* WORK TO BE COMPLETED: Every line below between the one holding "Used 2024 Oxford White Ford Active image 7" and the one holding "Britain Teenage Cancer Trust", inclusive, should be copied exactly, and no other line.

* EXERCISE MATERIALS:
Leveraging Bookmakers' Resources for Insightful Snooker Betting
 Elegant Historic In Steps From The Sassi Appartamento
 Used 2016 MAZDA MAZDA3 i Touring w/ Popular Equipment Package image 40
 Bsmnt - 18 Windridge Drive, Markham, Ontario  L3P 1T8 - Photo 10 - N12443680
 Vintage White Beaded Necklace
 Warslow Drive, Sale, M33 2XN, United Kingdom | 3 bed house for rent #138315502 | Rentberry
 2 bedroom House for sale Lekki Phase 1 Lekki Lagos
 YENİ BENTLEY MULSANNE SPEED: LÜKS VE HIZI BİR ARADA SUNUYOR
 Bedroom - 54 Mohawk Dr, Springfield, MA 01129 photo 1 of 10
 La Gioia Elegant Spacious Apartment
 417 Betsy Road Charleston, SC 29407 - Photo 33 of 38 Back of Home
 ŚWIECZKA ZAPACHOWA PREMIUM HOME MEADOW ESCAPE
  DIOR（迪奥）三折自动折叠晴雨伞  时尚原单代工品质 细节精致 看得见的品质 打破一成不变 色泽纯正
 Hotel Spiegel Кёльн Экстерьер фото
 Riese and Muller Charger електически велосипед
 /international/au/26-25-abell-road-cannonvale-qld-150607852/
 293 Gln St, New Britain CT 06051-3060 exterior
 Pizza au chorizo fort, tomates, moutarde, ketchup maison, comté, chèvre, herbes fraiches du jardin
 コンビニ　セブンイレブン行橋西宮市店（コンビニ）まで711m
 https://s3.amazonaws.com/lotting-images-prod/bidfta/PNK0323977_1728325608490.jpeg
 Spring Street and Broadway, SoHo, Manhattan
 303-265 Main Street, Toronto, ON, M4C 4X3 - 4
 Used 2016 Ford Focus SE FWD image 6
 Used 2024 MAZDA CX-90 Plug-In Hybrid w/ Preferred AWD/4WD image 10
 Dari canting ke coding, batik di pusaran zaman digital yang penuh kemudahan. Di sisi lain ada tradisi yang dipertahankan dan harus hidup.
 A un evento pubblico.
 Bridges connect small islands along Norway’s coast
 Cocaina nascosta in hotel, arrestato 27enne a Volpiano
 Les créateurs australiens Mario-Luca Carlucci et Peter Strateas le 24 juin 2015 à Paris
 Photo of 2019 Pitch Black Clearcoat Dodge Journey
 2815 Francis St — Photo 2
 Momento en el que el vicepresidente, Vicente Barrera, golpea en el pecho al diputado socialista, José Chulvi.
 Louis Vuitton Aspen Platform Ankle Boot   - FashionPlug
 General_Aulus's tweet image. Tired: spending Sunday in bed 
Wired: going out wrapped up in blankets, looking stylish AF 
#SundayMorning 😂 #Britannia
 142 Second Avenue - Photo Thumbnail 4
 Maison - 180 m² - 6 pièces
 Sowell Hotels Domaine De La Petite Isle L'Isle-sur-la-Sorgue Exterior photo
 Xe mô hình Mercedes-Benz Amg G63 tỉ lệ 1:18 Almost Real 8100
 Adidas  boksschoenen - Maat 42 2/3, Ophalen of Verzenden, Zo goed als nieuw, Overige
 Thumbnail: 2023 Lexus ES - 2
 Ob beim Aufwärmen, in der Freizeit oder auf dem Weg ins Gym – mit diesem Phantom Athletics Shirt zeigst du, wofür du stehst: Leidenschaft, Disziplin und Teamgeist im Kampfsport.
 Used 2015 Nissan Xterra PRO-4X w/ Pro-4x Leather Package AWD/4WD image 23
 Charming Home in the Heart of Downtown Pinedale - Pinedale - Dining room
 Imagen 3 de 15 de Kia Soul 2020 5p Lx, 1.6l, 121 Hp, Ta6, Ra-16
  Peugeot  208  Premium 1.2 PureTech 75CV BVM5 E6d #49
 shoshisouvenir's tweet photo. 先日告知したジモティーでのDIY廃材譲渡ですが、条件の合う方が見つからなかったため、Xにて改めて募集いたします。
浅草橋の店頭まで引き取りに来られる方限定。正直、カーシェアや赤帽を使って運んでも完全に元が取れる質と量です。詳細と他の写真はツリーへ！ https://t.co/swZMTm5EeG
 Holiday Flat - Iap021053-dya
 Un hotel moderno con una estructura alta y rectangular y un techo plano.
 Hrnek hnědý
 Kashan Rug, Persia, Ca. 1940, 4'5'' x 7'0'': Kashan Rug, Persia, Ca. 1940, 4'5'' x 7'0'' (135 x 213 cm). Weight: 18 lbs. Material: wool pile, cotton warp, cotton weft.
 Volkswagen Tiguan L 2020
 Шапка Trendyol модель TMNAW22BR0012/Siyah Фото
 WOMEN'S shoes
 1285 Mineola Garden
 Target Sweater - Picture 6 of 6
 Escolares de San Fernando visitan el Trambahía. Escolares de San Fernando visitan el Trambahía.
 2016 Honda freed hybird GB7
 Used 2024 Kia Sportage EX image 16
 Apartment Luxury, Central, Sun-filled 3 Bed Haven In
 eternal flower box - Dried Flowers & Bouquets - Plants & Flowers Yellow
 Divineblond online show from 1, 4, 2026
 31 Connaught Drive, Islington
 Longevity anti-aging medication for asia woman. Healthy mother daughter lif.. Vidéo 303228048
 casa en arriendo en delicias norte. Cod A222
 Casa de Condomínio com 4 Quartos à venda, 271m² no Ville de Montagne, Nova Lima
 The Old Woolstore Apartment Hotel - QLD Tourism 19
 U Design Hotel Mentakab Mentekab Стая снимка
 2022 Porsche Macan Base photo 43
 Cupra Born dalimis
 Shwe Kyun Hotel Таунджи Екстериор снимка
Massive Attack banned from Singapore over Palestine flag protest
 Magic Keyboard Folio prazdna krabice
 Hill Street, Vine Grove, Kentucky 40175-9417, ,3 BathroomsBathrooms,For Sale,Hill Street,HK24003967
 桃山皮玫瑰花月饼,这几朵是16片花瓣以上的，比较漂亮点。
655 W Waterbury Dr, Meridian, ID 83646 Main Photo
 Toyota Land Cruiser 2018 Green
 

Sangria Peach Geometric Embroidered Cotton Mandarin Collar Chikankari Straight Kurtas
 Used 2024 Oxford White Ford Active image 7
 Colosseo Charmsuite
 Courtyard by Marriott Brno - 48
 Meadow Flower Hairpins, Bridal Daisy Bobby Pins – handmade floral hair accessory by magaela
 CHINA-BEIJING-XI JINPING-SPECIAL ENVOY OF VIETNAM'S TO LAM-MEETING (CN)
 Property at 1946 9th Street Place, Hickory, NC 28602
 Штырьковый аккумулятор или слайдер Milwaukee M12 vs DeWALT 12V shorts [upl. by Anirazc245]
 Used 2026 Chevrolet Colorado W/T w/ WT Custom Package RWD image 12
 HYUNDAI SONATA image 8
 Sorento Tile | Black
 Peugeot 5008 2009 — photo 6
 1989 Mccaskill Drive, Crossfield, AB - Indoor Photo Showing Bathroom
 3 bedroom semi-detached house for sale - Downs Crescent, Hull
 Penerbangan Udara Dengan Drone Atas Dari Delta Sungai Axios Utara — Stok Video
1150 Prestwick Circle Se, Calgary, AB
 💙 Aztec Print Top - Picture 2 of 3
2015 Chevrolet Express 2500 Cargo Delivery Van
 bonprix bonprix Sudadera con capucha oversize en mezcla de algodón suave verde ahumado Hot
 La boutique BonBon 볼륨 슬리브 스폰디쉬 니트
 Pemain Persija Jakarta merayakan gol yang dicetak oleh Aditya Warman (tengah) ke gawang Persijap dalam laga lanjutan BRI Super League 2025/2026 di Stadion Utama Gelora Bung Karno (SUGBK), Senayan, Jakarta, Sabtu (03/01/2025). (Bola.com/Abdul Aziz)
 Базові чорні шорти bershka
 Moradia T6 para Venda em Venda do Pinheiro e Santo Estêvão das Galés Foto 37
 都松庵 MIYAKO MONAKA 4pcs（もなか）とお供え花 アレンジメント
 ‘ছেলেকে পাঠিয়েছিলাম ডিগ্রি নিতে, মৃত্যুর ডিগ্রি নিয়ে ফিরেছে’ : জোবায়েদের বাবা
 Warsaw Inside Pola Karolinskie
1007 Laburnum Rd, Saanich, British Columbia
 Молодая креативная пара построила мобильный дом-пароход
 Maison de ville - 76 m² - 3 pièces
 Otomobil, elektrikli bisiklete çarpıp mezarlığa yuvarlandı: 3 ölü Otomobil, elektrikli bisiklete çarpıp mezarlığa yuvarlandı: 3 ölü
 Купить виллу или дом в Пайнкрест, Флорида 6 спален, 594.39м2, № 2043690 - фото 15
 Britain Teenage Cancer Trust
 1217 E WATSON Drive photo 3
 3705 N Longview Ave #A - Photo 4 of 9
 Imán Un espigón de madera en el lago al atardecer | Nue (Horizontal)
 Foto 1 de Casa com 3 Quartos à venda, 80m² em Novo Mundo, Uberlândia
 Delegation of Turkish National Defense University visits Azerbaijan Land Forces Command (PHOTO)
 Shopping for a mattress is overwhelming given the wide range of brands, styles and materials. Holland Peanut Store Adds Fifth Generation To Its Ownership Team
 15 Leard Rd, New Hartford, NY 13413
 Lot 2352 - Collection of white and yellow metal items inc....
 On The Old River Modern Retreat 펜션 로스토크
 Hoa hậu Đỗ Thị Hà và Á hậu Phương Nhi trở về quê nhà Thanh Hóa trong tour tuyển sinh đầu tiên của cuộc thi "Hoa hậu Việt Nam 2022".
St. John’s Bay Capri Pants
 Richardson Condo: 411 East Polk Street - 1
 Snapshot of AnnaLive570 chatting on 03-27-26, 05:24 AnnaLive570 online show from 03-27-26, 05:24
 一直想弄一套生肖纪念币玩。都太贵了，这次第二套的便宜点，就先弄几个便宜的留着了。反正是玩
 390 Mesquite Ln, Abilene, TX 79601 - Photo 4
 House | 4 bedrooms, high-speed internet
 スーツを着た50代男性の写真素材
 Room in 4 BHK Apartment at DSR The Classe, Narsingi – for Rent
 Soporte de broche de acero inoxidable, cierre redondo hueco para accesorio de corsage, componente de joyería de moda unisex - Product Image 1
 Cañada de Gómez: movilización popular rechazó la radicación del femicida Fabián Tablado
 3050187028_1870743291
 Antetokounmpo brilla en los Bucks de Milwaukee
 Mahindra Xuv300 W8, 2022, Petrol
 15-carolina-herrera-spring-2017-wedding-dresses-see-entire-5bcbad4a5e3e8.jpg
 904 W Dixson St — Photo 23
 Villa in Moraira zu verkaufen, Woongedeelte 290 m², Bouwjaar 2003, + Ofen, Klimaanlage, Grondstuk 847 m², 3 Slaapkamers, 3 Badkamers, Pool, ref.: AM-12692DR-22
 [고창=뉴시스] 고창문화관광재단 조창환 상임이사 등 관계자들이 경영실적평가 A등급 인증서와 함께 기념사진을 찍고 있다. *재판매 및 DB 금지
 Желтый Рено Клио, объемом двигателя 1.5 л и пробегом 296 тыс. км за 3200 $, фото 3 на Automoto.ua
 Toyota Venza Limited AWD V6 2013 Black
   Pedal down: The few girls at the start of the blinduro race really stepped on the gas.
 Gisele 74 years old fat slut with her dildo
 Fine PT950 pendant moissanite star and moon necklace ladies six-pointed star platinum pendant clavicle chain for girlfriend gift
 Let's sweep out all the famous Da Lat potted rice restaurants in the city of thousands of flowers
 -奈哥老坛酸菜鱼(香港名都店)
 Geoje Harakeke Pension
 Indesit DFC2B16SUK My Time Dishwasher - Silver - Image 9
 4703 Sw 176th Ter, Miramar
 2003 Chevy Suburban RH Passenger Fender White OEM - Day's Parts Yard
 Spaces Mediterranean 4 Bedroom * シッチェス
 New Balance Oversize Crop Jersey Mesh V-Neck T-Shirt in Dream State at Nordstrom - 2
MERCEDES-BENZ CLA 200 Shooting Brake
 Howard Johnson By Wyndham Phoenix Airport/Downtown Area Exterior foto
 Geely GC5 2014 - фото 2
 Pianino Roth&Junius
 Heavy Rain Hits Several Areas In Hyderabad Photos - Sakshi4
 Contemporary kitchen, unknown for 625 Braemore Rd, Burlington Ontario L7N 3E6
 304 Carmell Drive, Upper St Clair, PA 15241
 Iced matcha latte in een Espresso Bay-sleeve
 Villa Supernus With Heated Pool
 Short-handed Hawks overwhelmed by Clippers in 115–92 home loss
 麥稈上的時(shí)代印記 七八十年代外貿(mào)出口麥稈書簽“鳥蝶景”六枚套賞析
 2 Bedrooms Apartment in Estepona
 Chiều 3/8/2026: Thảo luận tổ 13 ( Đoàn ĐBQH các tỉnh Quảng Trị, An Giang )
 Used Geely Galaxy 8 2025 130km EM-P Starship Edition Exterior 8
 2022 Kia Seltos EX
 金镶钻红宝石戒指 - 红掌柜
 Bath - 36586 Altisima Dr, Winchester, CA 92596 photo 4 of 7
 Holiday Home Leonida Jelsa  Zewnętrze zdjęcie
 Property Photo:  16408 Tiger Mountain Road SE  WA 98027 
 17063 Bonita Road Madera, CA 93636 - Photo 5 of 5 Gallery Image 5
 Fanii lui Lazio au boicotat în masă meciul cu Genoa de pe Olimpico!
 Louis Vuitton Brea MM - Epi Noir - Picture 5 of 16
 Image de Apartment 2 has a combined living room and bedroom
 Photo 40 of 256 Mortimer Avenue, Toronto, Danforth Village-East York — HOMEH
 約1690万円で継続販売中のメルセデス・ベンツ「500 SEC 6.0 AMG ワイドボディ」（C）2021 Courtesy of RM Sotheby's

* TASK RESULT:
 Used 2024 Oxford White Ford Active image 7
 Colosseo Charmsuite
 Courtyard by Marriott Brno - 48
 Meadow Flower Hairpins, Bridal Daisy Bobby Pins – handmade floral hair accessory by magaela
 CHINA-BEIJING-XI JINPING-SPECIAL ENVOY OF VIETNAM'S TO LAM-MEETING (CN)
 Property at 1946 9th Street Place, Hickory, NC 28602
 Штырьковый аккумулятор или слайдер Milwaukee M12 vs DeWALT 12V shorts [upl. by Anirazc245]
 Used 2026 Chevrolet Colorado W/T w/ WT Custom Package RWD image 12
 HYUNDAI SONATA image 8
 Sorento Tile | Black
 Peugeot 5008 2009 — photo 6
 1989 Mccaskill Drive, Crossfield, AB - Indoor Photo Showing Bathroom
 3 bedroom semi-detached house for sale - Downs Crescent, Hull
 Penerbangan Udara Dengan Drone Atas Dari Delta Sungai Axios Utara — Stok Video
1150 Prestwick Circle Se, Calgary, AB
 💙 Aztec Print Top - Picture 2 of 3
2015 Chevrolet Express 2500 Cargo Delivery Van
 bonprix bonprix Sudadera con capucha oversize en mezcla de algodón suave verde ahumado Hot
 La boutique BonBon 볼륨 슬리브 스폰디쉬 니트
 Pemain Persija Jakarta merayakan gol yang dicetak oleh Aditya Warman (tengah) ke gawang Persijap dalam laga lanjutan BRI Super League 2025/2026 di Stadion Utama Gelora Bung Karno (SUGBK), Senayan, Jakarta, Sabtu (03/01/2025). (Bola.com/Abdul Aziz)
 Базові чорні шорти bershka
 Moradia T6 para Venda em Venda do Pinheiro e Santo Estêvão das Galés Foto 37
 都松庵 MIYAKO MONAKA 4pcs（もなか）とお供え花 アレンジメント
 ‘ছেলেকে পাঠিয়েছিলাম ডিগ্রি নিতে, মৃত্যুর ডিগ্রি নিয়ে ফিরেছে’ : জোবায়েদের বাবা
 Warsaw Inside Pola Karolinskie
1007 Laburnum Rd, Saanich, British Columbia
 Молодая креативная пара построила мобильный дом-пароход
 Maison de ville - 76 m² - 3 pièces
 Otomobil, elektrikli bisiklete çarpıp mezarlığa yuvarlandı: 3 ölü Otomobil, elektrikli bisiklete çarpıp mezarlığa yuvarlandı: 3 ölü
 Купить виллу или дом в Пайнкрест, Флорида 6 спален, 594.39м2, № 2043690 - фото 15
 Britain Teenage Cancer Trust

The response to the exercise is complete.